◆ EXERCISE DESCRIPTION:
Extract verbatim every line from the one containing "One is not like the other" to the final line of the records below, inclusive, and exclude all pictures.

◆ DATA SUPPLIED:

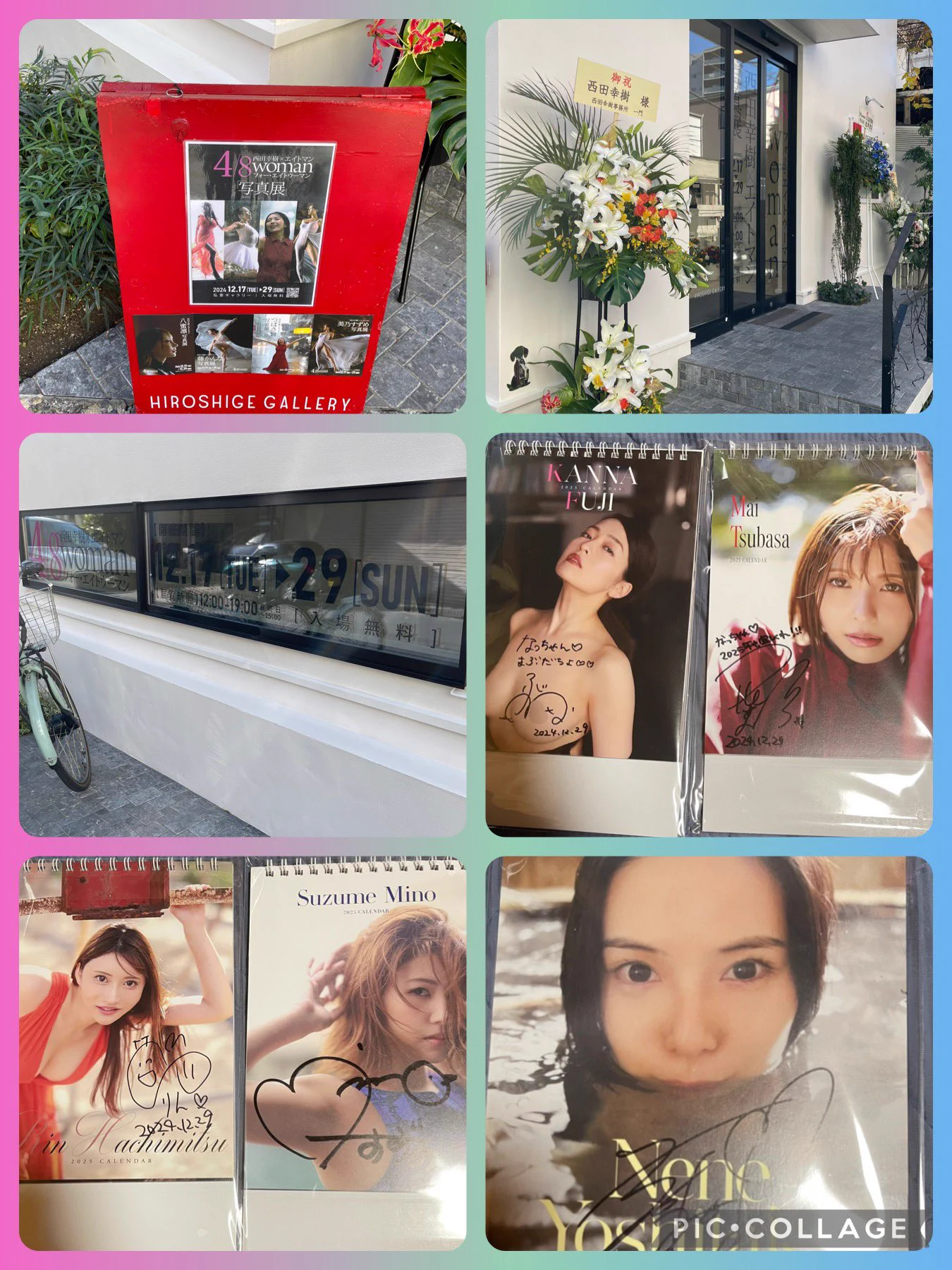 48womanの写真展、本日最終日行けて良かったです。そして総選挙は、つばさ舞ちゃんが一位‼️おめでとう御座います。女優陣皆んな、スタイルバツグンで顔が小さくて、可愛いかったです。久しぶりに、エイトマン関係者の皆さんに会えて嬉しかったです。2週間お疲れ様でした。#48woman https://t.co/RmrLYfgIFY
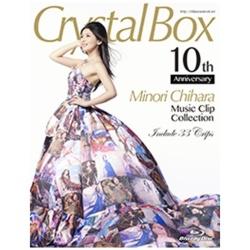 /Crystal Box Minori Chihara `Music Clip Collection` yu[C \tgz   mu[Cn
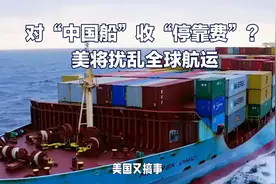 对“中国船”收“停靠费”？美将扰乱全球航运视频封面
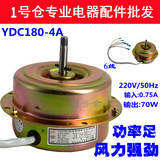 纯铜线抽油烟机电机吸排油烟机用电动机马达YDC180/150/45/160-4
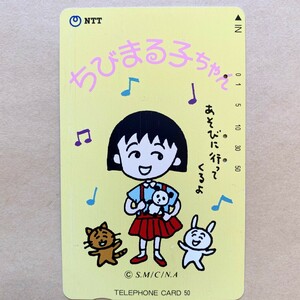 [ used ] telephone card Chibi Maruko-chan Sakura ...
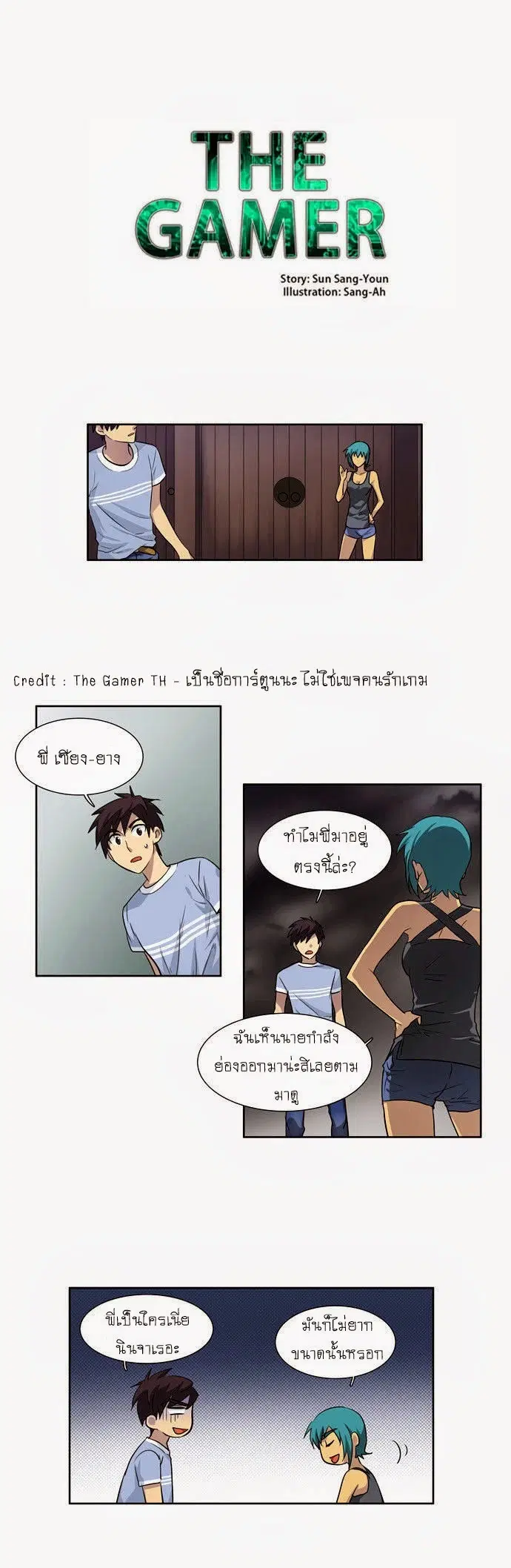 The Gamer ตอนที่ 31 หน้า 1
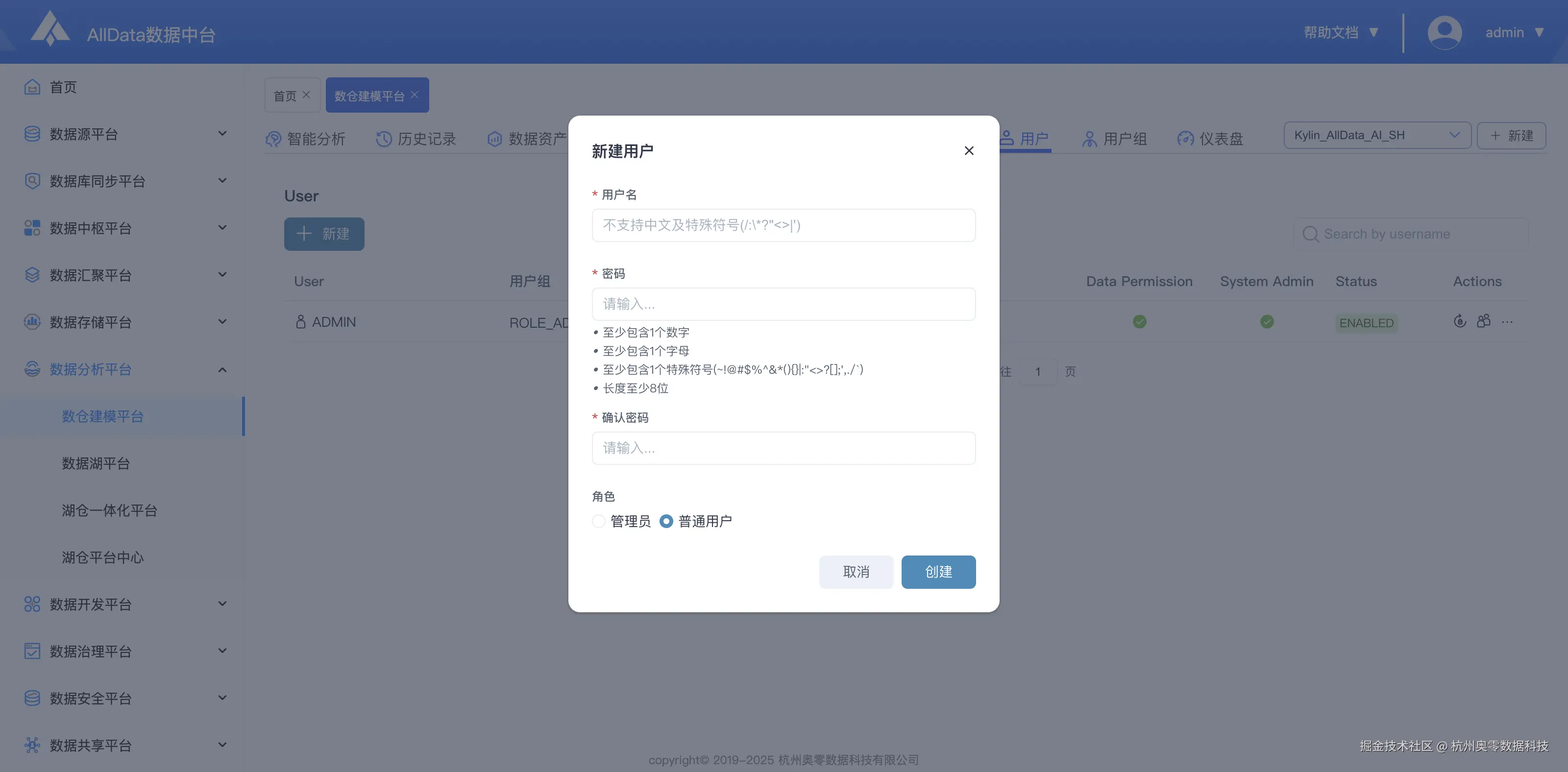 9.1_用户-新建用户.jpg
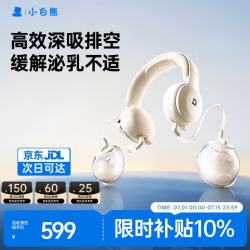 小白熊 吸奶器免手扶电动全自动热敷便携挂脖式双边挤奶器大吸力Z1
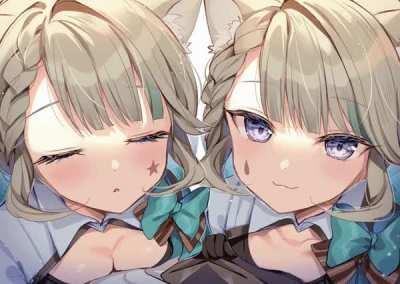 One is not like the other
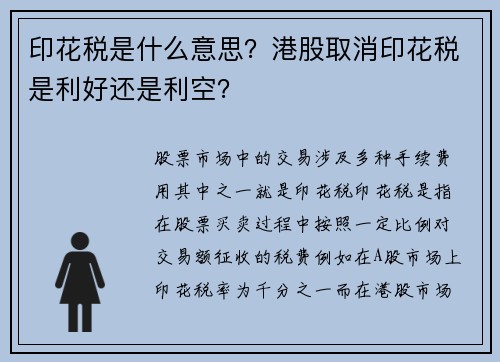 印花税是什么意思？港股取消印花税是利好还是利空？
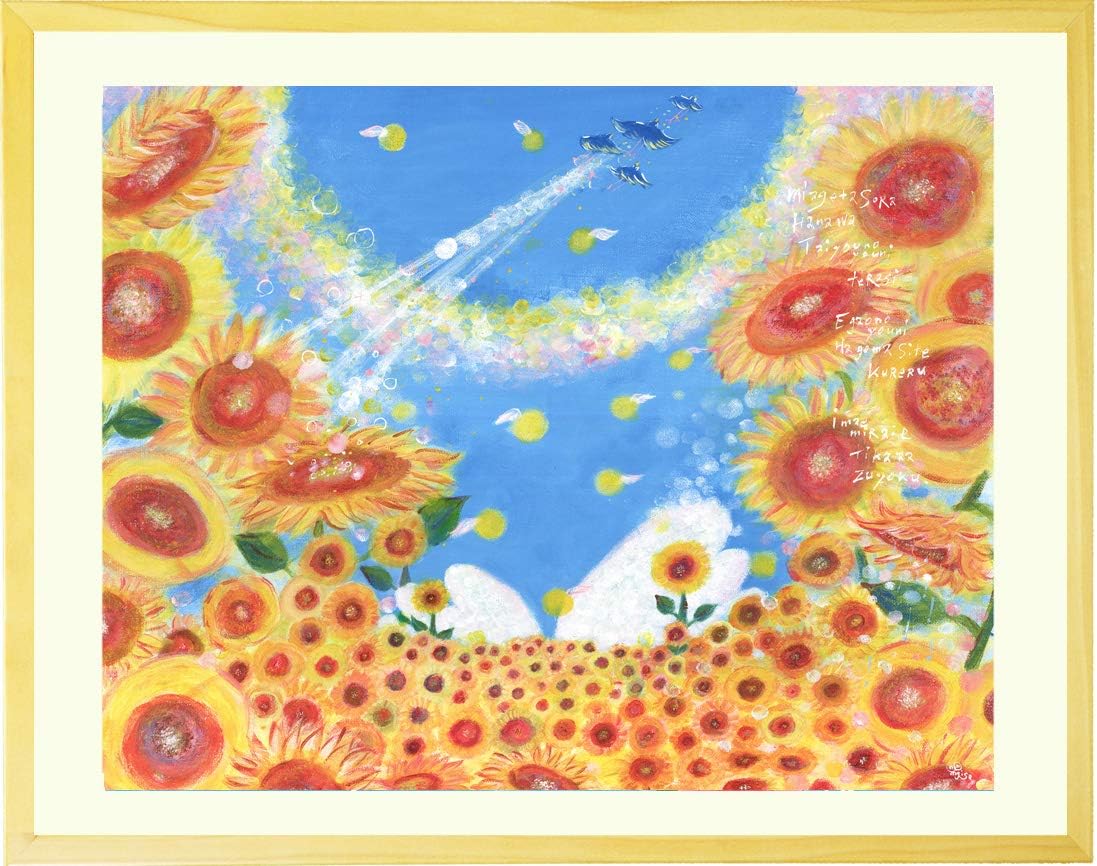 当日出荷 アート額絵 速水御舟 向日葵 G4 Bn081 F6 52 42cm ふるさと納税 Ggjapan Jp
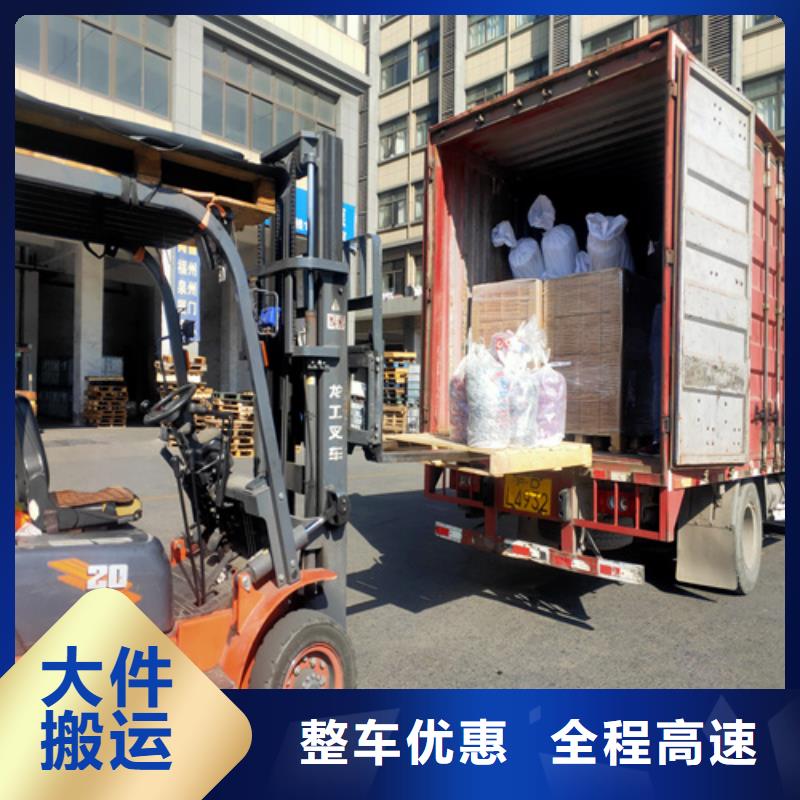 湖州专线-上海到湖州物流专线公司安全快捷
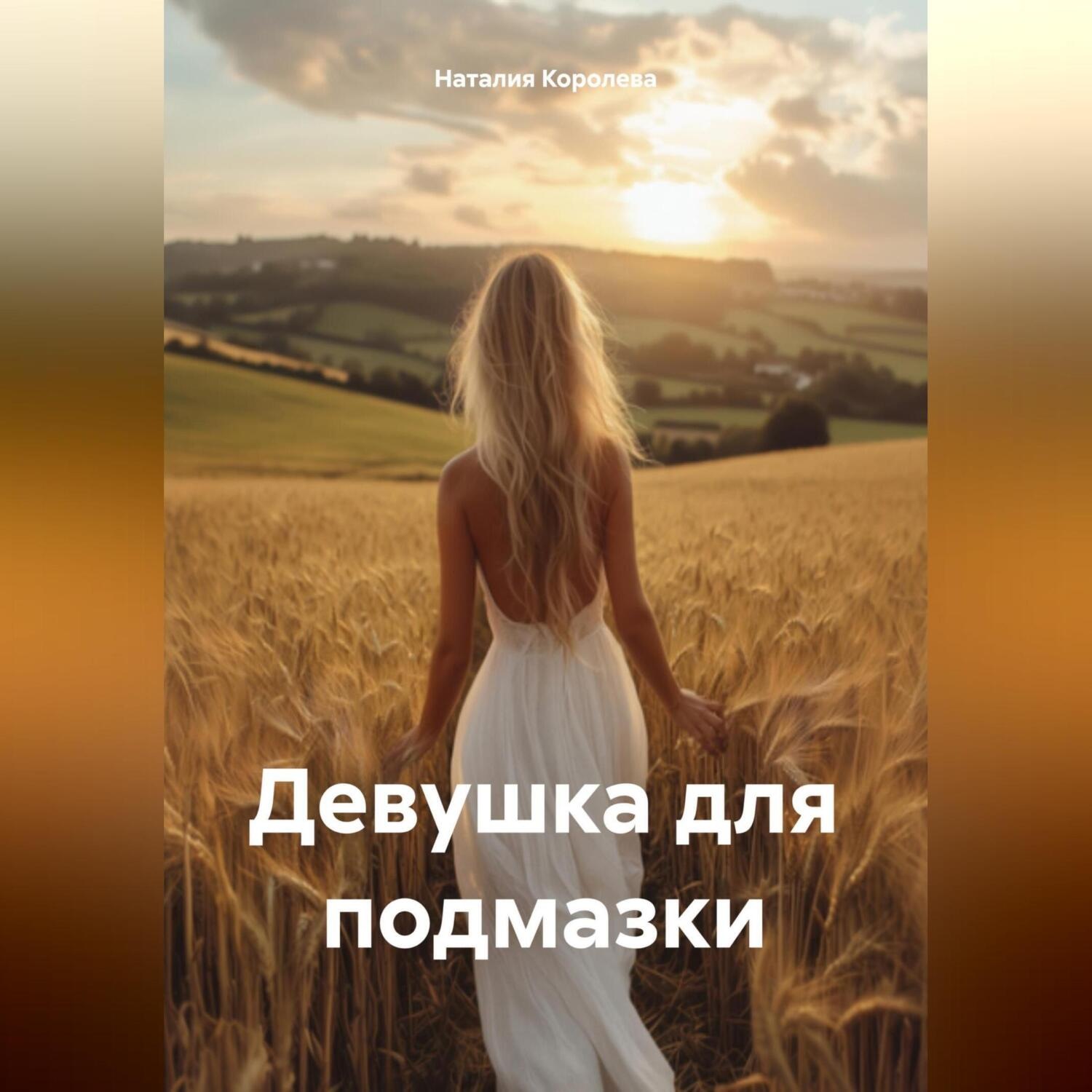 Обложка книги «Девушка для подмазки»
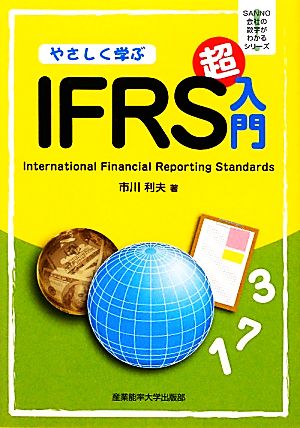 やさしく学ぶIFRS超入門 (会社の数字がわかるシリーズ) [Jan 31， 2012] 市川 利夫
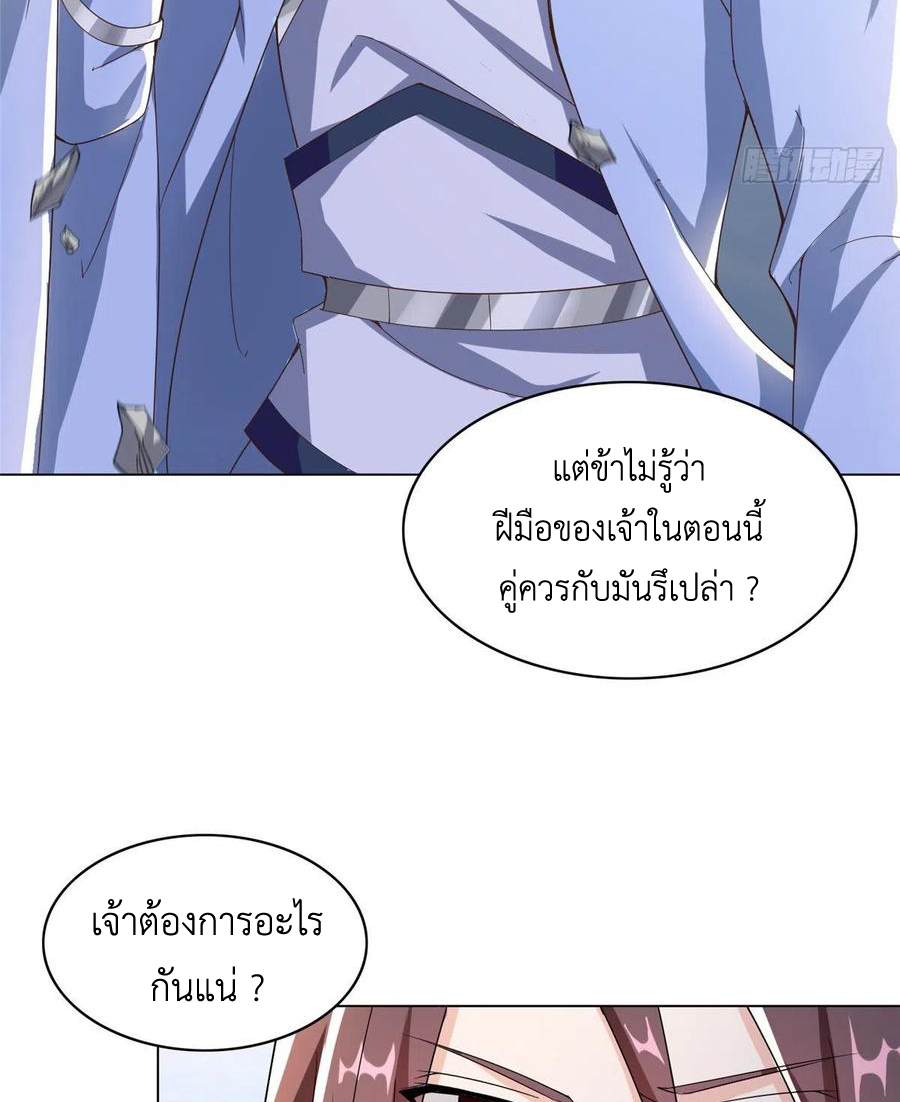 (ชนจีน) Dragon Master (จูหมิง นักรบเซียนมังกร) ตอนที่ 76 หน้า 39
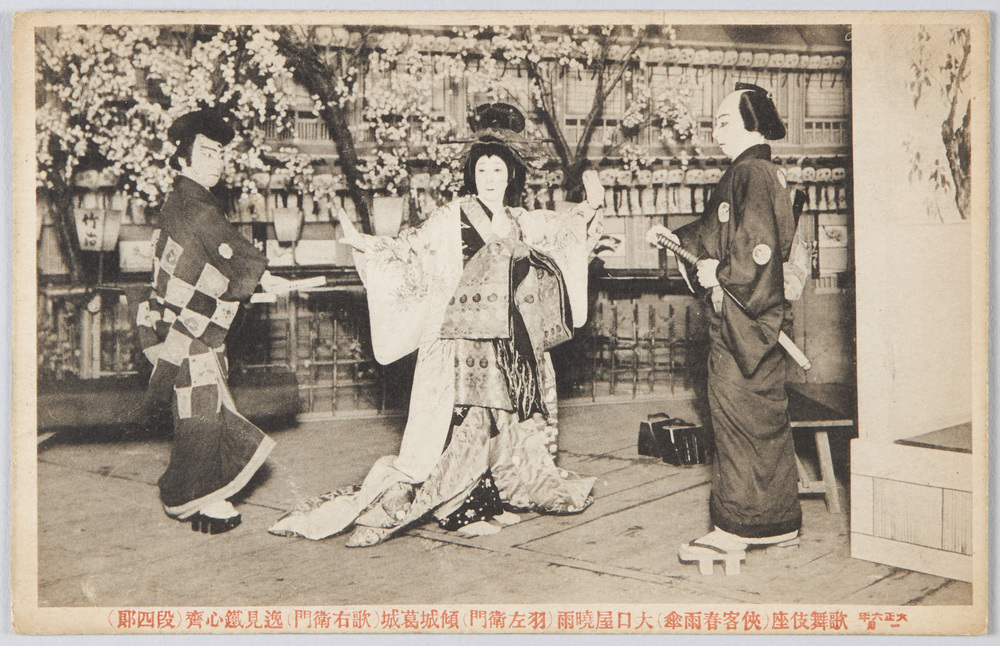 作品画像:大正六年一月歌舞伎座(侠客春雨傘)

◆ EXERCISE ANSWER:
 One is not like the other
 印花税是什么意思？港股取消印花税是利好还是利空？
 当日出荷 アート額絵 速水御舟 向日葵 G4 Bn081 F6 52 42cm ふるさと納税 Ggjapan Jp
 湖州专线-上海到湖州物流专线公司安全快捷
 Обложка книги «Девушка для подмазки»
 やさしく学ぶIFRS超入門 (会社の数字がわかるシリーズ) [Jan 31， 2012] 市川 利夫
 (ชนจีน) Dragon Master (จูหมิง นักรบเซียนมังกร) ตอนที่ 76 หน้า 39
 作品画像:大正六年一月歌舞伎座(侠客春雨傘)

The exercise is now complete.